Viennent ensuite trois extraits de la Partita for 8 Voices, qui a valu à la plus jeune compositrice jamais récompensée l’unique Prix Pulitzer de la Musique attribué à une œuvre vocale a cappella. Elle a été composée dans le cadre d’une résidence au Massachusetts Museum of Contemporary Art entre 2009 et 2011 en collaboration avec Roomful of Teeth. Chaque mouvement, comme on peut s’y attendre avec le titre choisi, s’élance des caractéristiques de la suite baroque traditionnelle (Allemande, Sarabande, Courante) mais s’en émancipe aussi vite pour livrer un discours inouï fait de chant humain sans paroles, de murmures et autres procédés chers à Caroline Shaw. Y sont travaillés les juxtapositions mélodiques, les rythmes complexes, le processus du phasing à la Steve Reich et Terry Riley, bref un bain sonore où s’ébrouer et se laisser porter.
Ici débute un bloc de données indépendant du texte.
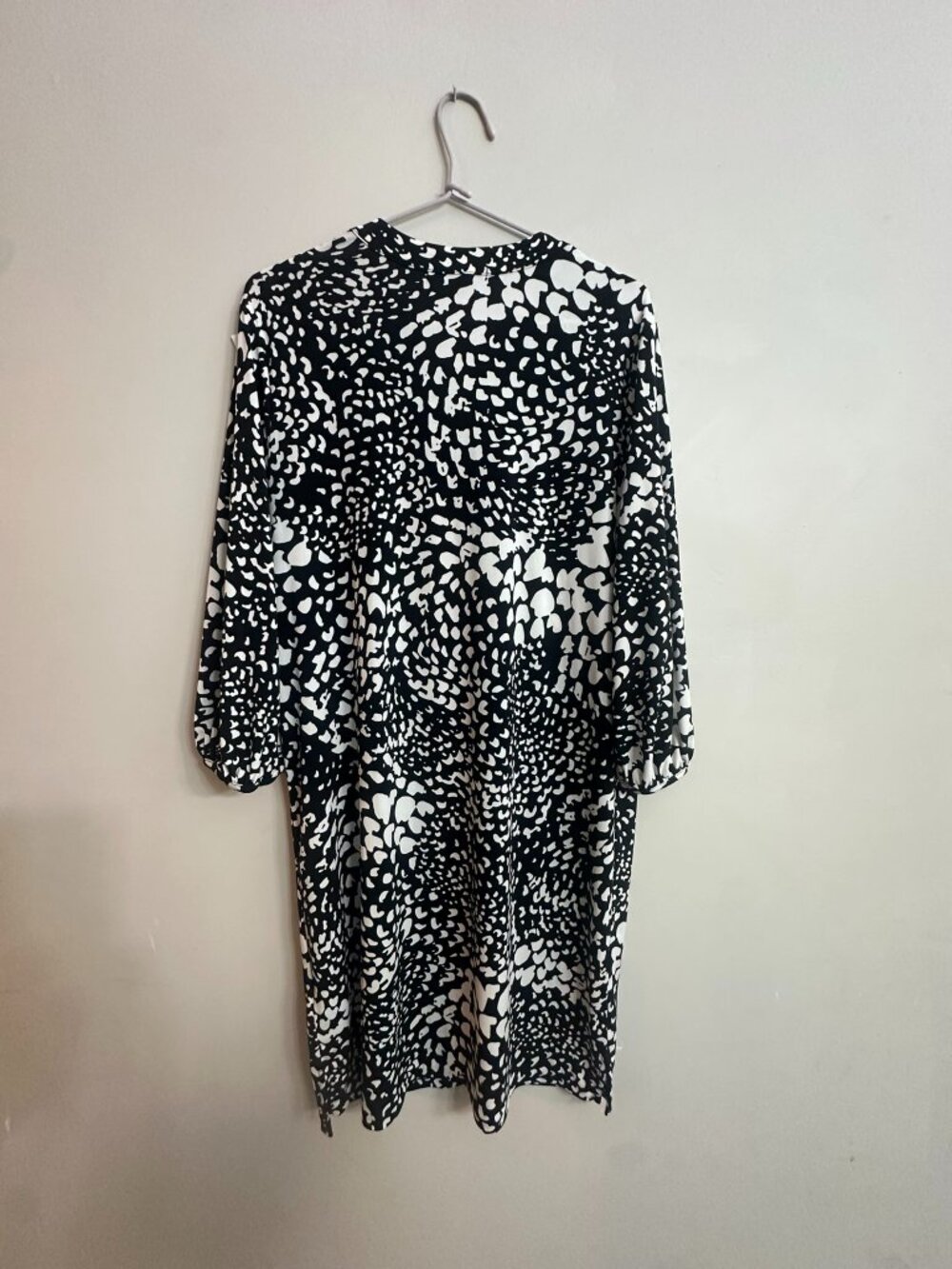 Banana Republic Black White Abstract Print Knit Dress Medium Travel Career - Picture 3 of 8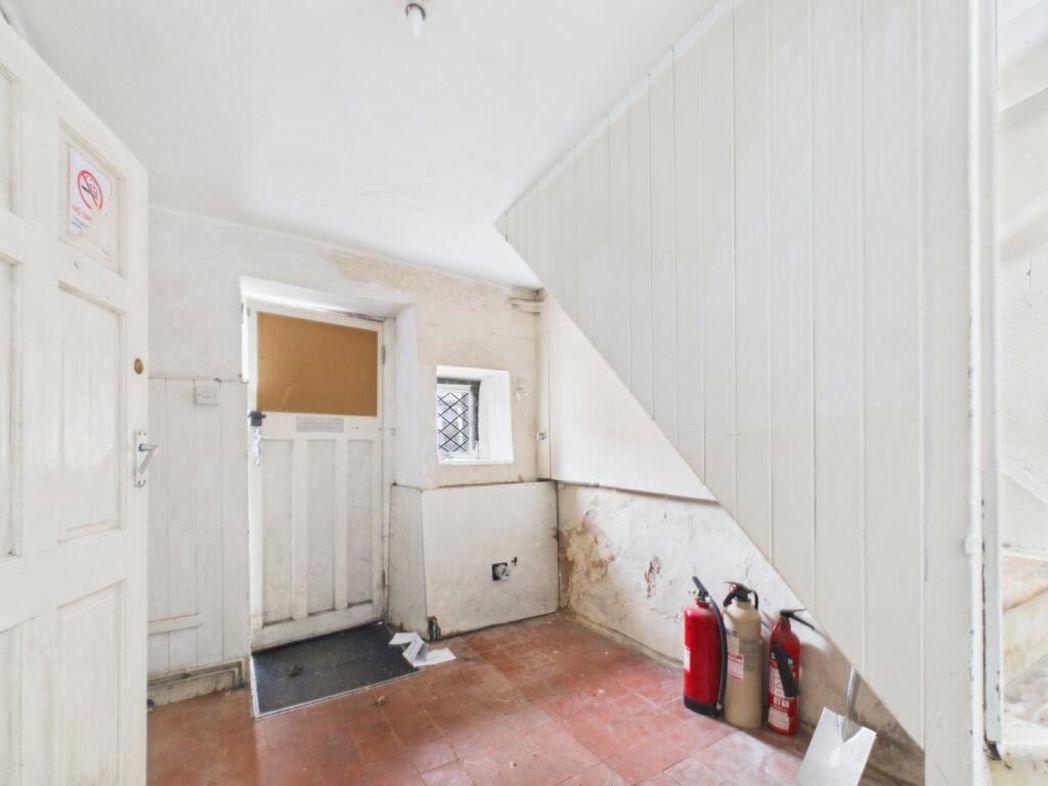 Property image 14 of 17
Après l’entracte, la superbe pièce On Stochastic Wave Behavior de la compositrice Leilelehua Lanzilotti, née en 1983, déroule ses entrelacs et superpositions vocales inspirées des traditions de son Hawaï natal. En résulte un trip hypnotique et savant qui impressionne par sa poésie et sa force de suggestion, évoquant l’océan et son flux et reflux dans un style que ne renieraient pas ses illustres prédécesseurs. Après ce sublime moment suspendu, la pièce de William Brittelle, Psychedelics, accompagnée cette fois d’un synthétiseur, convoque en un chaos de sons et de mélodies venues de tous horizons y compris rock, les souvenirs musicaux de l’auditeur comme la possibilité de s’échapper de ses réflexes en termes d’attente acoustique pour une œuvre de long format. Là encore la ductilité et aussi la puissance des voix de Roomful of Teeth fait merveille.